A few years ago, I attended a session put on by Dave Burgess at a social studies conference. I had never heard of him before, but the description of the session seemed like something I wanted to attend. Upon my arrival at the session, I could tell that many people had recognized his name and that I had picked a popular session. By the time the session began, people were standing along the walls of the very, very, large room in order to hear Dave present. I had learned that Dave was the author of a book entitled Teach Like a Pirate, (and true to his word, he conducted his presentation in a pirate costume), so I had put that book on my mental list of items to read. This year, I finally read that book and it came at a good time!
Now that I am in my 8th year of teaching, it can become very easy to turn to the trusty old manila folders. This is especially appealing when there are small children and a home to be tended to do.
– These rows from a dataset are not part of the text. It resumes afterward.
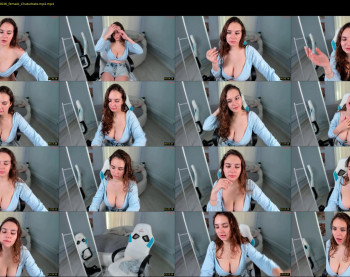 lil_stephanie — 29 minute Chaturbate female cam show recording, 720p, Jul 22, 2024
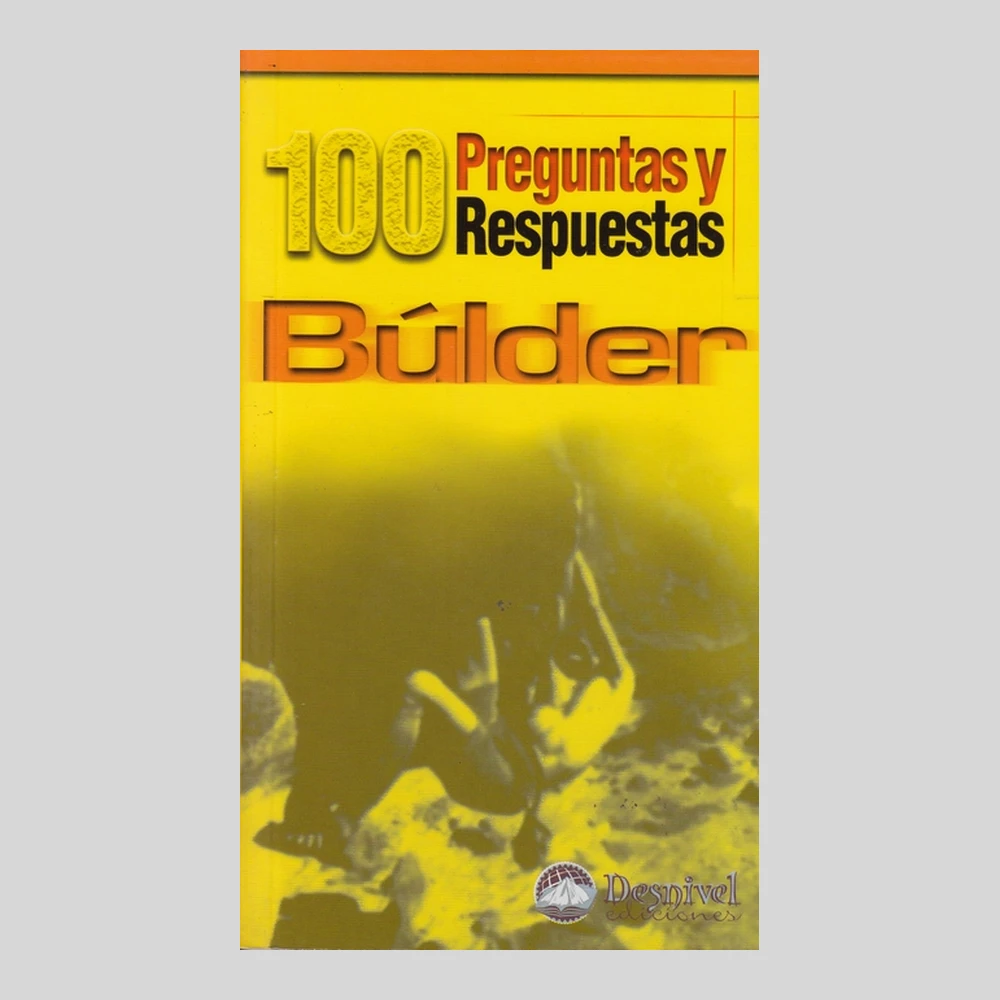 Libros y guías: Búlder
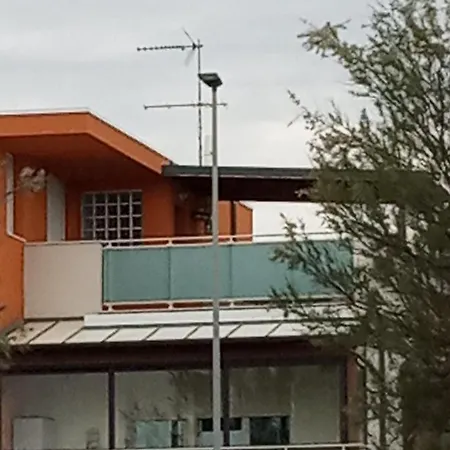 A Mare Апартаменты Сенигаллия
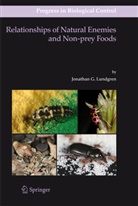 Jonathan G Lundgren, Jonathan G. Lundgren - Relationships of Natural Enemies and Non-prey Foods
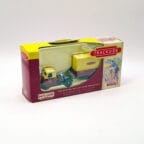 Lledo Trackside DG148006 Scammell Scarab Van Trailer British Rail 1/76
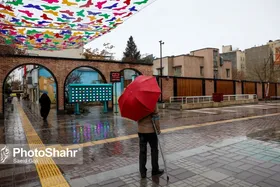 پیش&zwnj;بینی بارش باران در نقاط مختلف کشور (۲۴ مهرماه ۱۴۰۲)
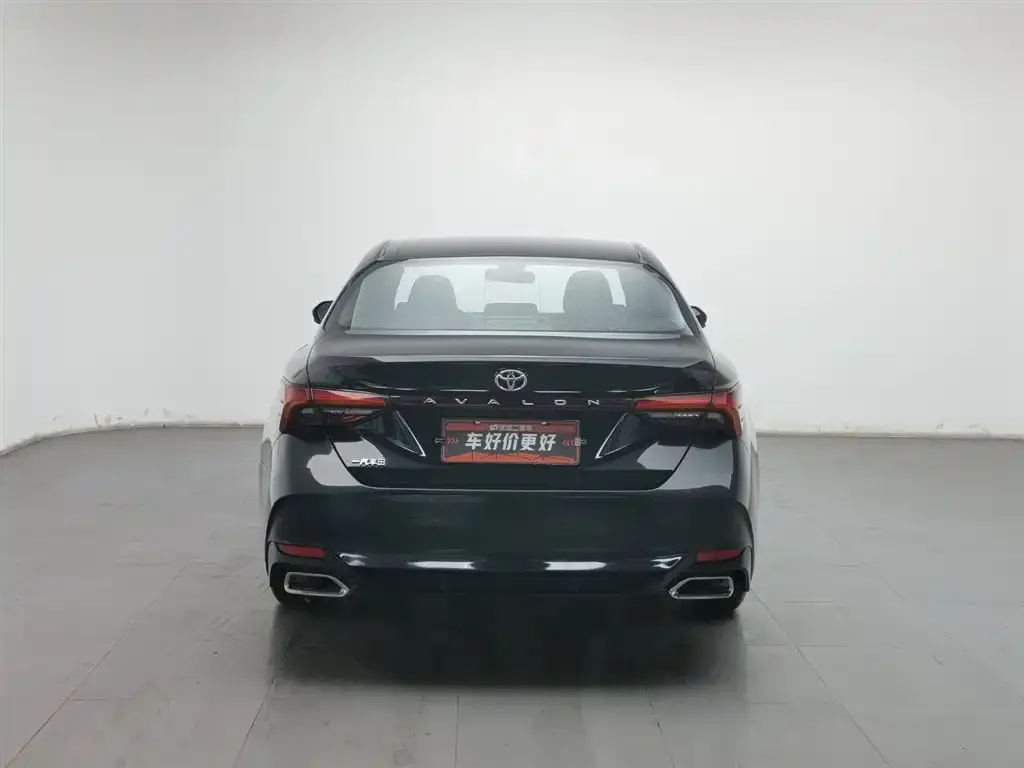 Toyota Avalon 2021 из CN, фото 4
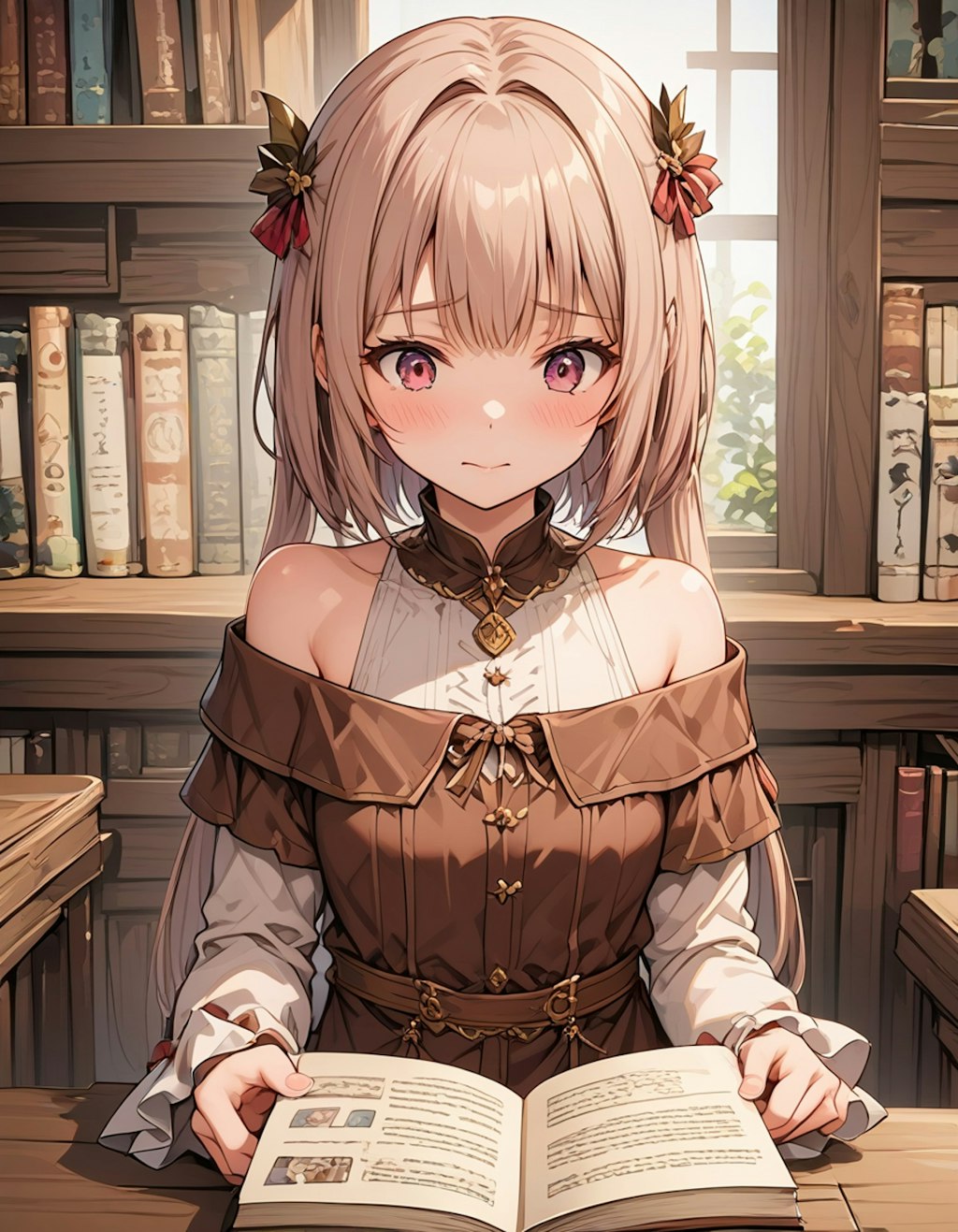 読書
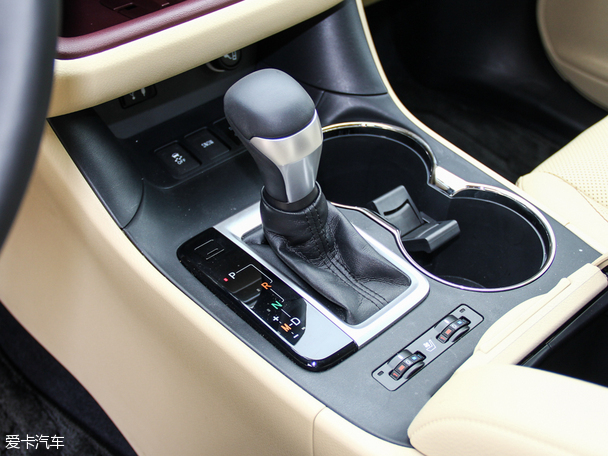 廣汽豐田2015款漢蘭達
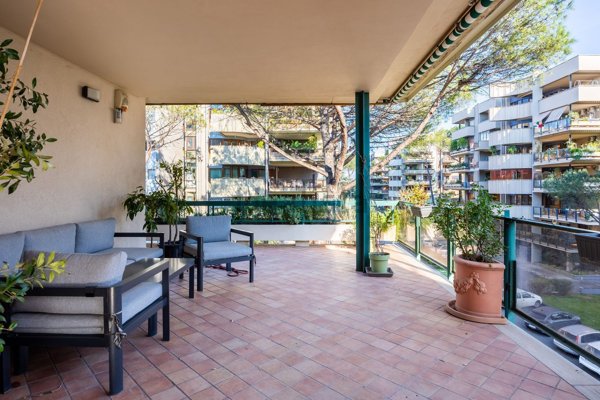 appartamento in vendita a Roma in zona Giuliano Dalmata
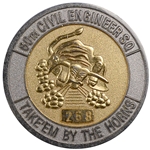 60th Civil Engineer Squadron (CES) #268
When reading this book, I was able to breathe new life into even existing lesson plans without having to devote a lot of time I did not necessarily have. Within this book, Burgess lists many, many, many, questions you can ask yourself when planning lessons. This includes, "How can I use a competition to build excitement and motivation?", "What would be the perfect song or type of music to create the right mood and proper atmosphere?", "How can I most effectively use music as they enter the room?", "How can I get my class outside these four walls for my lesson?" and "Can we get up and act something out?". These were just a few of the questions that inspired me to add a little extra here and there to make my class more engaging. These little touches paid off big time. My students were up moving more often when we used a space besides the classroom and were hooked into the days lesson before the bell rang with the use of music. Not everything was seamless, though. It can be difficult to find space for 25+ kids and still be able to manage them all and using music was easy for me as a history teacher.
In addition to these small changes, I was also able to add in some bigger activities. Burgess mentioned turning his room into something besides a classroom. I had always had simulations throughout the school year, but also looking for new ideas. This year, for the first time, I had turned my classroom into a 1920's speakeasy. Students had to use the password to get in (and everyone wanted in to see what was going on) and once in they were offered otherwise "forbidden" regular pop and chips. It cost a little money, but was a great day. I also received grief from former students on why their classes did not get to do this, a sure sign of a great activity! I highly recommend Teach Like a Pirate to invigorate your lessons!